Toys R Us To Get The Weekend At Bernie's Treatment As IP Holders Look To Cash In
Over the summer, many of us were forced to grow up, no longer to be Toys R Us kids as the chain closed its doors in the United States and elsewhere at the end of a miserable bankruptcy and liquidation process. But now according to both The Wall Street Journal and Fortune, the parties that obtained ownership of the intellectual property associated with Toys R Us like the brand names and Geoffrey, are interested in restarting the business themselves.
Previously it had been expected and planned that the IP for Toys R Us would be sold at auction to allow the creditors to recover money still owed to them after the liquidation, however that intent seems to have changed. Reports cite that the entities involved don't believe auctioning the rights would yield a better outcome than trying to directly put those assets to use. That could be interpreted as a bit of a cover story, either hiding that interest in the trademarks and such is poor and unlikely to have a worthwhile yield, or disguising that someone thinks there's a chance to cash in bigger over a longer term - perhaps even both together.
Regardless of the motives, the creditors likely have a long wait ahead of them for a return if they follow through on this plan. Everyone seems to agree that there's no possibility of starting business operations again in time for the holiday shopping season this year, meaning any such shambling corpse of Toys R Us would have to lurch along through several slower months until next year's big sales season. Another difficulty they'll face is securing facilities. Most of the company-owned property Toys R Us once resided in has changed hands to new owners, and it's unclear if property owners for previously leased locations would want to give another go to the toy retailer that folded once already in the last 12 months. Distribution infrastructure would also be a critical matter to be resolved before any real business plan could take shape.

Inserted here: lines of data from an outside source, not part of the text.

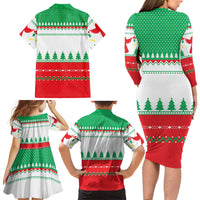 Funny Fitness Cookie Christmas Family Matching Long Sleeve Bodycon Dress and Hawaiian Shirt with Gingerbread Design and Holiday Pattern - Wonder Print Shop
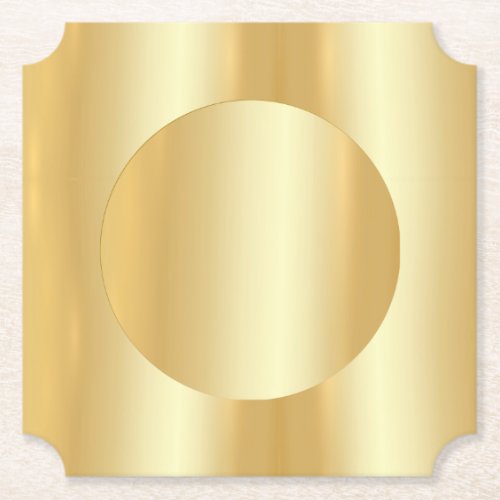Custom Gold Look Blank Elegant Template Modern Paper Coaster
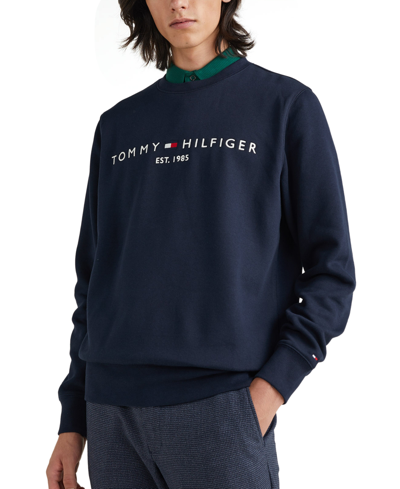 Shop Tommy Hilfiger Men's Embroidered Logo Fleece Sweatshirt In Desert Sky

Finally, there's a matter of supplier support. There's no guarantee that major manufacturers like Hasbro would want to jump right on board with the risen-from-its-grave company before it is able to prove that it can last and will actually be able to pay for their goods. If there is a road ahead for Toys R Us, it's not going to be an easy one, or a quick one. And whatever comes from it, even if dressed up like the original, is bound to be a very different kind of animal if or when it gets on its feet.